Activity => Make an exact copy, from the records below, of the lines from the line containing "511 Woodcrest Drive, Royal" to the line containing "Pierre Bergé fait", both lines included, excluding pictures.

Recorded information =>
┌────────

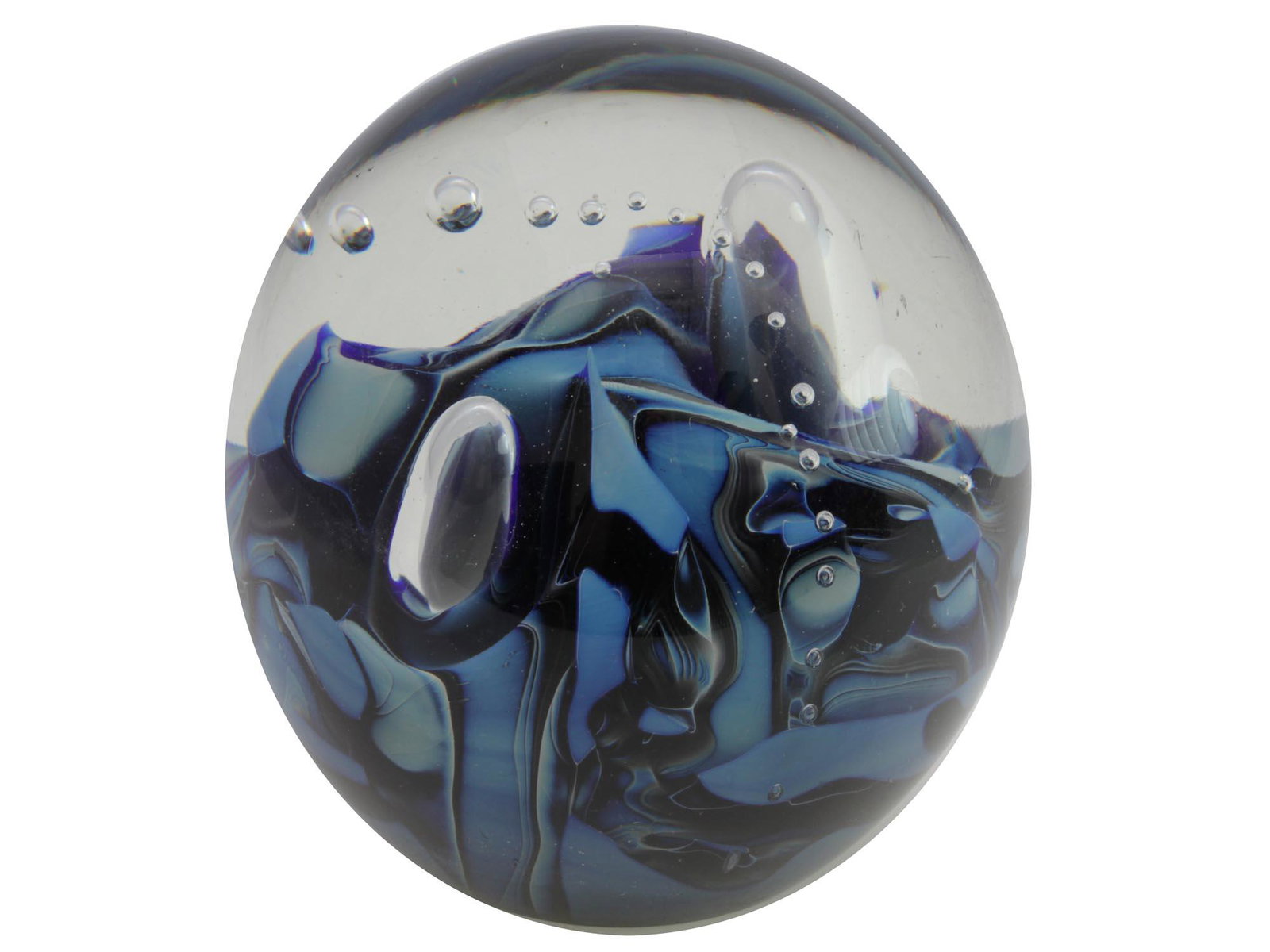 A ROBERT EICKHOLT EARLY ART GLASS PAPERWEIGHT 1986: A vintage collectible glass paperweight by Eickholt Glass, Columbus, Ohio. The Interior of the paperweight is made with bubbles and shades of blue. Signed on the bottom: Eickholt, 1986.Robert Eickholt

└────────
┌────────

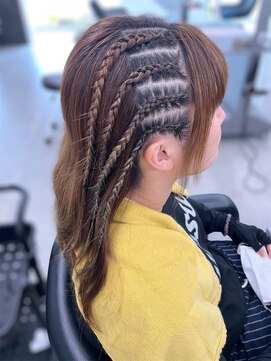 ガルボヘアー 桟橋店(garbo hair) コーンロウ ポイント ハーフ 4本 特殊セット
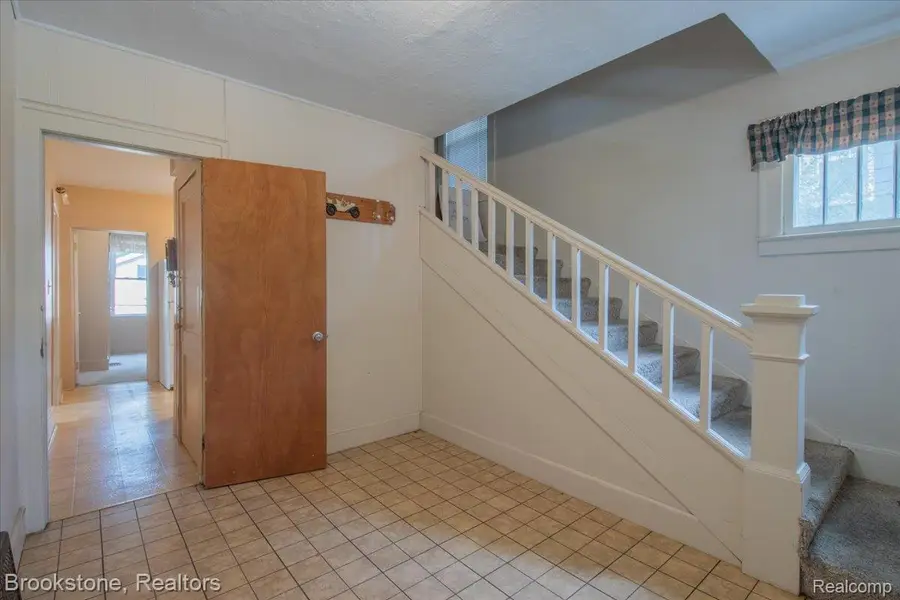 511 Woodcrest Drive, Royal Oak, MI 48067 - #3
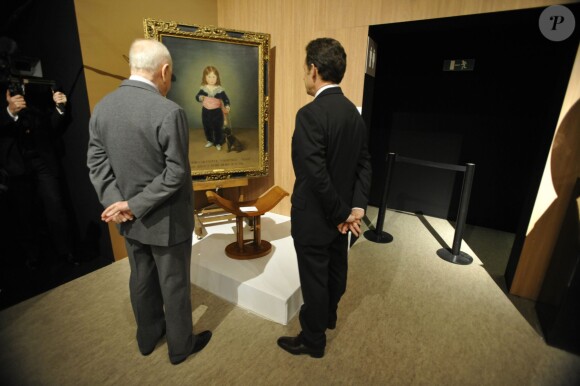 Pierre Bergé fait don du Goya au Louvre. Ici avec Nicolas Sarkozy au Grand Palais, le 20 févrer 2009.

└────────

Result of this task =>
 511 Woodcrest Drive, Royal Oak, MI 48067 - #3
 Pierre Bergé fait don du Goya au Louvre. Ici avec Nicolas Sarkozy au Grand Palais, le 20 févrer 2009.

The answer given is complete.